All of the data below should be written out again exactly.

Source data:
_ _ _

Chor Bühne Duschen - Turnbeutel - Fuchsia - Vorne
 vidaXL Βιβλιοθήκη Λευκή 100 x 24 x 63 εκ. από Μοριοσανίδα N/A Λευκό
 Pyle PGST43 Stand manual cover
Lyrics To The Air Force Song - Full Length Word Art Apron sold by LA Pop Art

_ _ _

Task answer:
Chor Bühne Duschen - Turnbeutel - Fuchsia - Vorne
 vidaXL Βιβλιοθήκη Λευκή 100 x 24 x 63 εκ. από Μοριοσανίδα N/A Λευκό
 Pyle PGST43 Stand manual cover
Lyrics To The Air Force Song - Full Length Word Art Apron sold by LA Pop Art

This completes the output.